Blogs

Compile C/C++ to WebAssembly

Nearly a year ago

WebAssembly (WASM) has emerged as a powerful tool that extends the capabilities of web browsers beyond what JavaScript can offer. It enables the execution of code written in low-level languages such as C, C++, and Rust, directly in the browser, bringing performance close to native speed. This blog post explores compiling low-level languages into WebAssembly, focusing on tools such as Emscripten and LLVM.

WebAssembly's purpose lies in its name: it provides a binary instruction format for a stack-based virtual machine, which can run in web browsers. Combining low-level languages with WebAssembly allows developers to create more performant web applications, use existing libraries, and port legacy codebases to the web.

Tools Used

Emscripten

Emscripten acts as a bridge, transforming code written in C/C++ into WebAssembly. It consists of two main parts: Emscripten itself and emsdk. Emscripten provides various header files that can be included in low-level code to enable the utilization of Web APIs. The emsdk (Emscripten SDK) manages the tools and libraries required for Emscripten to function properly, offering scripts for compiling C/C++ programs into WebAssembly.

LLVM

LLVM (Low-Level Virtual Machine) is an essential tool in the compilation process. It enables the creation of intermediaries and final output code. The compilation process involves two main steps: front-end and back-end. The front-end step converts C/C++ code into intermediate code using Clang (a compiler front-end for the C family of languages), and the back-end step involves optimizing this intermediate code and compiling it into WebAssembly using LLVM.

Key WebAssembly Concepts

Modules

A WebAssembly module contains the compiled code from low-level languages. It is represented as a .wasm file that browsers can execute.

Memory

WebAssembly memory is a linear memory that can be accessed by both WebAssembly code and JavaScript. It operates in units called pages, each equivalent to 64 KB. JavaScript typed arrays provide a mechanism to read and write raw binary data from this memory.

Tables

Tables in WebAssembly are akin to arrays and are used to store functions. Each slot in a table can hold a different function, allowing function calls to be made by their indices.

Instances

An instance in WebAssembly is a combination of the module, memory, and tables. It represents an active WebAssembly module that is ready to execute.

Hello World Example

Let's start with a rudimentary example by compiling a simple "Hello World" program written in C.

// hello_world.c
#include <stdio.h>

int main() {
    printf("Hello World\n");
    return 0;
}

Compiling with GCC/G++

To compile this C program with GCC or G++, you would use:

gcc hello_world.c -o hello_world

Running the resulting executable file displays the "Hello World" message in the terminal.

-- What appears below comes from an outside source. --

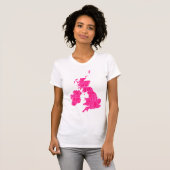Typografische Britische Inseln - Pink-Schatten T-Shirt (Vorne ganz)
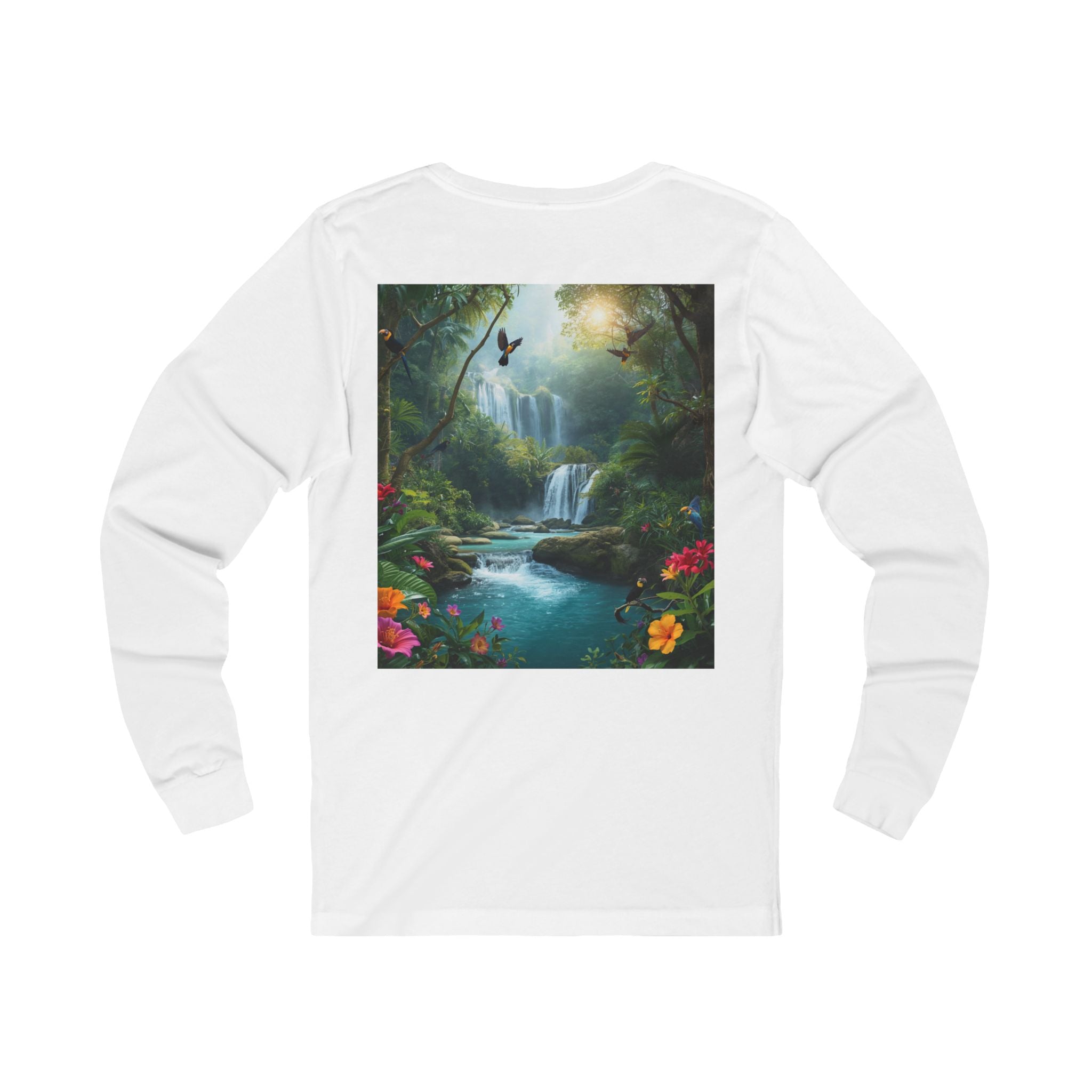 Tropical Waterfall Landscape Tee | Long Sleeve Nature Shirt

Compiling with Emscripten (emcc)

First, activate the Emscripten environment using emsdk:

emsdk activate latest
source ./emsdk_env.sh

Compile the C program into WebAssembly with the following command:

emcc hello_world.c -o hello_world.html

This command generates an HTML file that includes the WebAssembly module. Running this HTML file in a browser displays the "Hello World" message.

Instantiating a WebAssembly Module

After generating the WebAssembly file, the next step is to instantiate it using JavaScript.

Create a new JavaScript file, index.js:

fetch("hello_world.wasm")
  .then((response) => response.arrayBuffer())
  .then((bytes) => WebAssembly.instantiate(bytes, {}))
  .then((results) => {
    document.body.appendChild(document.createTextNode("WebAssembly Loaded"));
  });

This script fetches the .wasm file, converts it to an array buffer, and instantiates the WebAssembly module.

Using WebAssembly APIs

The WebAssembly.instantiate function creates an instance of the module. The import object is usually an empty object, but it can also include functions or memory.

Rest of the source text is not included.